- Stored data
+++++

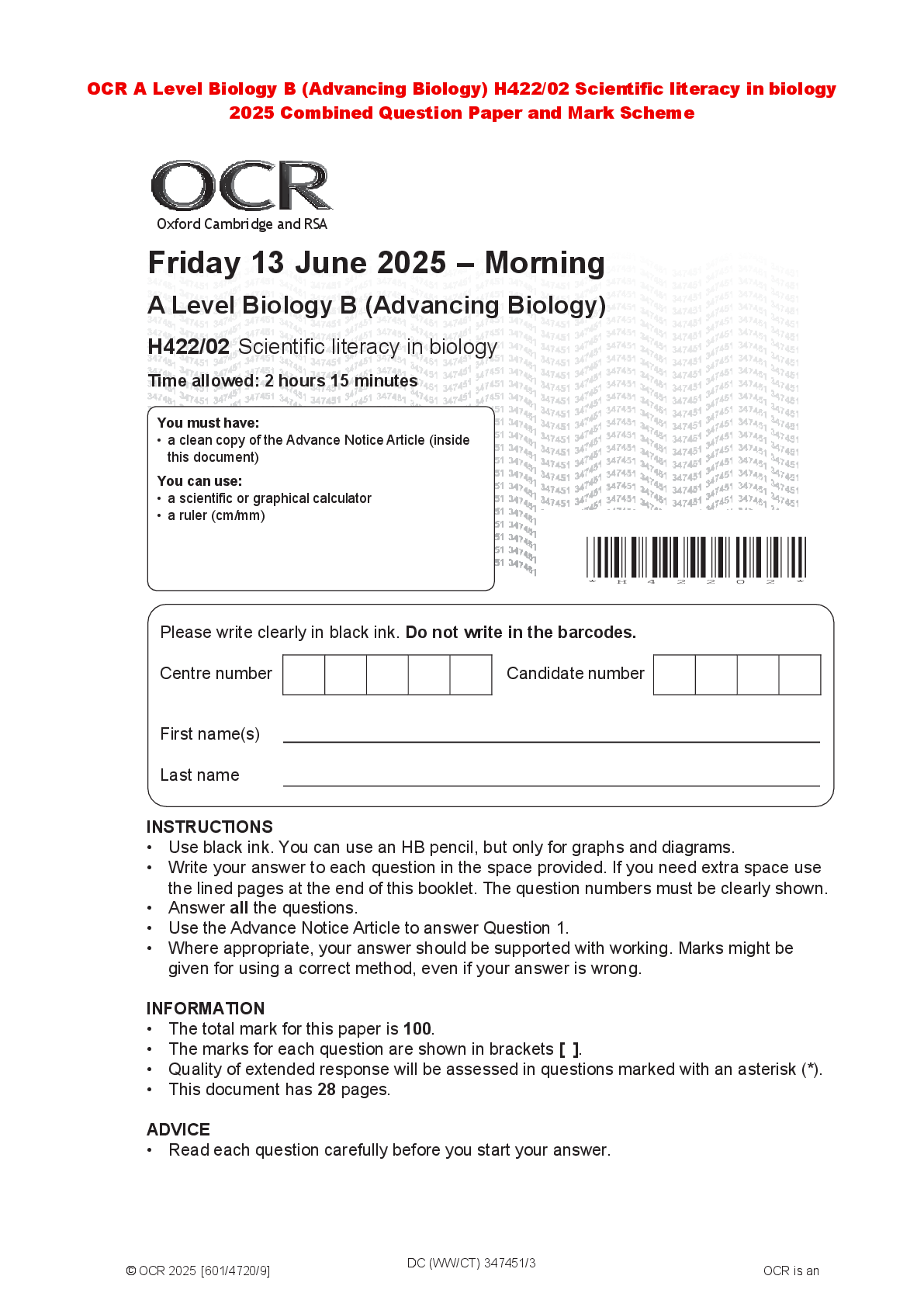 Recommended document preview for OCR A Level Biology B (Advancing Biology) H422/02 Scientific literacy in biology 2025 Combined Question Paper and Mark Scheme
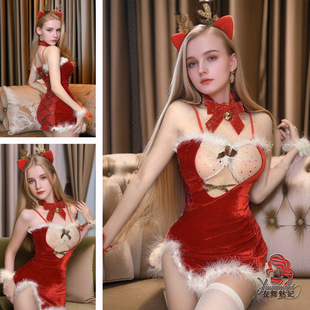 Christmas suit Mao Mao Sexy Underwear Uniform Sexy Secondary Pure Desire Temptation Hollow Backless Temptation 9057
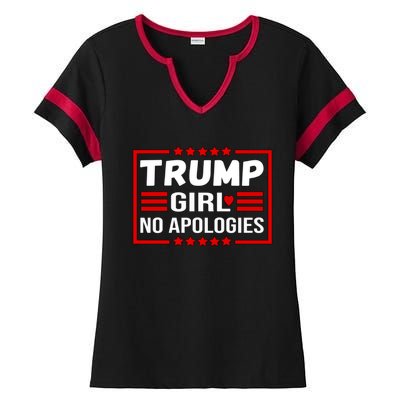 Funny Donald Trump No Apologies Election 2024 Trump Gift Ladies Halftime Notch Neck Tee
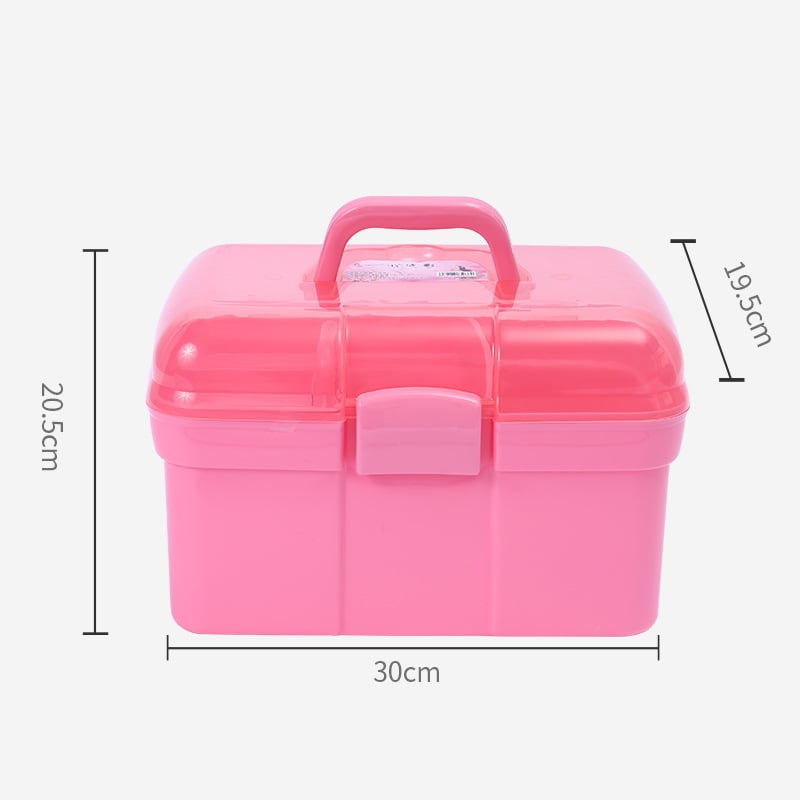 Маникюрна кутия за съхранение с двойно отделение, голям капацитет, пластмасов организатор за инструменти за нокти - 552 g, OEM Pinpai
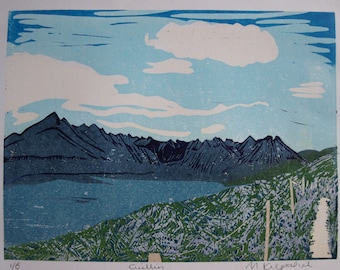 Cuillin Linoldruck, Skye, Isle Of Skye, Schottland, Berge, Skye Cuillins, Reduktion Linolschnitt, Kunstwerk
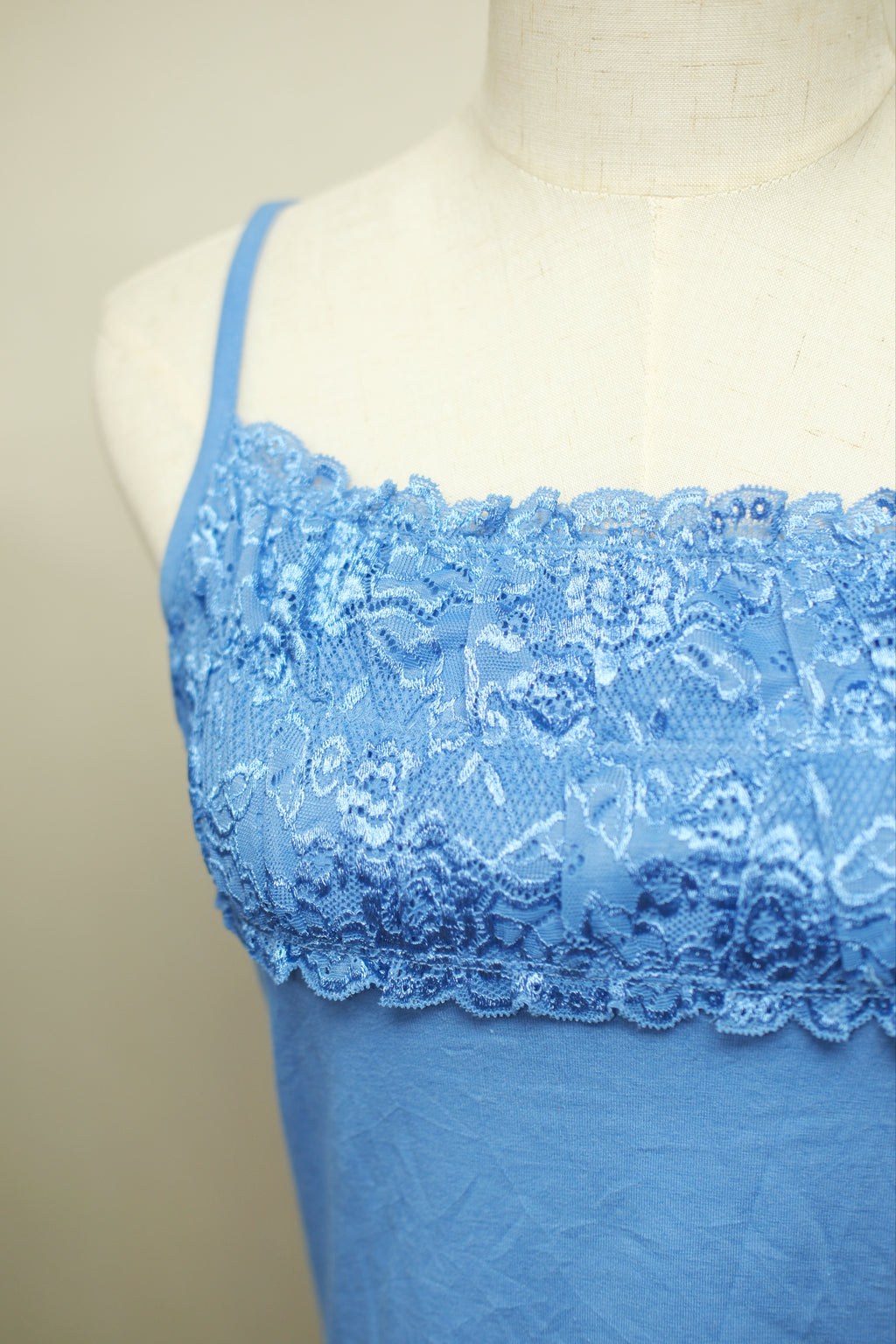 Sky Blue Square Neck Full Lace Panel Wear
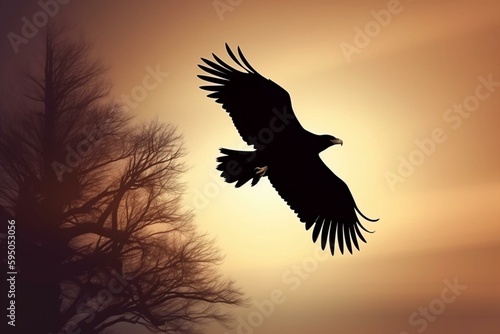 flying wild big bird, silhouette of a soaring eagle. Generative AI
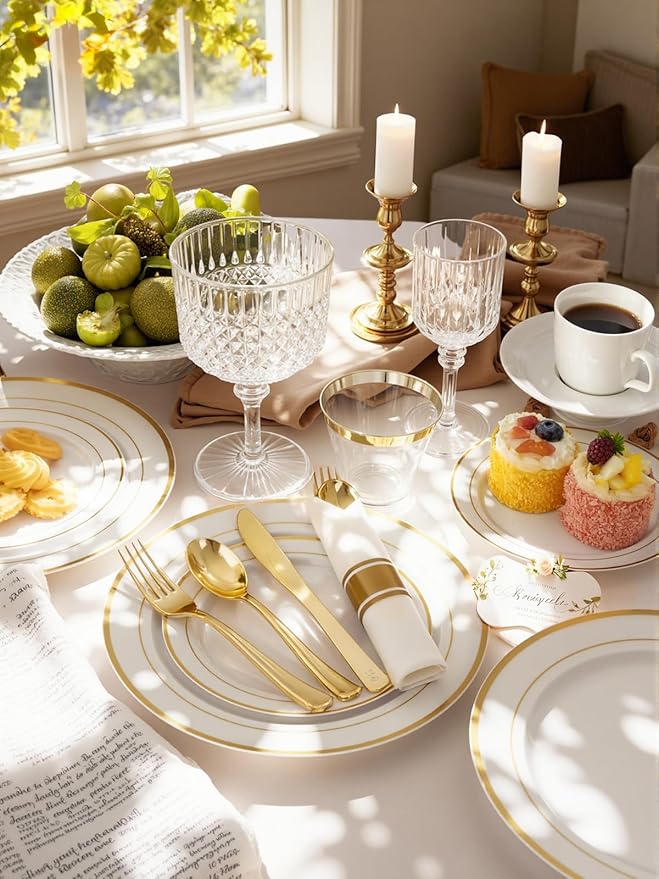 175PCS White and Gold Plastic Plates - Gold Plates with Rolled Napkins for Party - 25Guest Disposable Dinnerware Sets for Wedding Baby Shower Spring Birthday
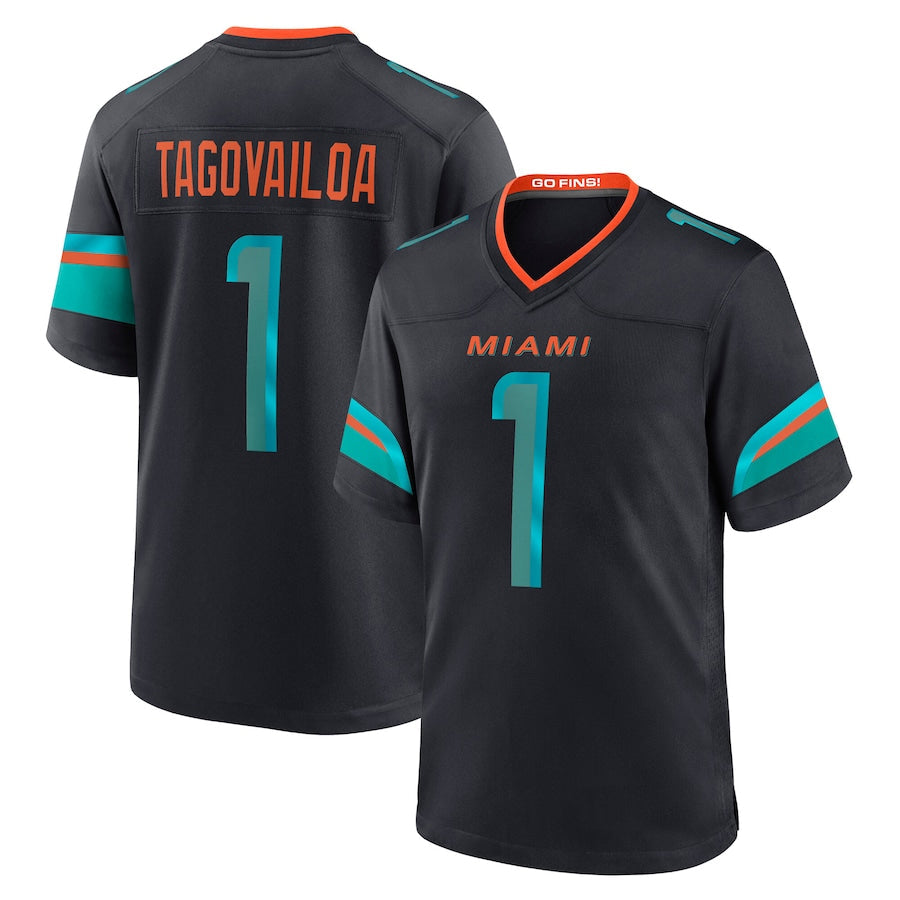 Kdoa M.Dolphins #1 Tua Tagovailoa Player Blue Rivalries Collection Game Stitched Jersey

+++++

- Description of the task
Copy the lines above between the one holding "Christmas suit Mao" and the one holding "Маникюрна кутия за", inclusive. Drop the pictures.

- Answer for this exercise
 Christmas suit Mao Mao Sexy Underwear Uniform Sexy Secondary Pure Desire Temptation Hollow Backless Temptation 9057
 Funny Donald Trump No Apologies Election 2024 Trump Gift Ladies Halftime Notch Neck Tee
 Маникюрна кутия за съхранение с двойно отделение, голям капацитет, пластмасов организатор за инструменти за нокти - 552 g, OEM Pinpai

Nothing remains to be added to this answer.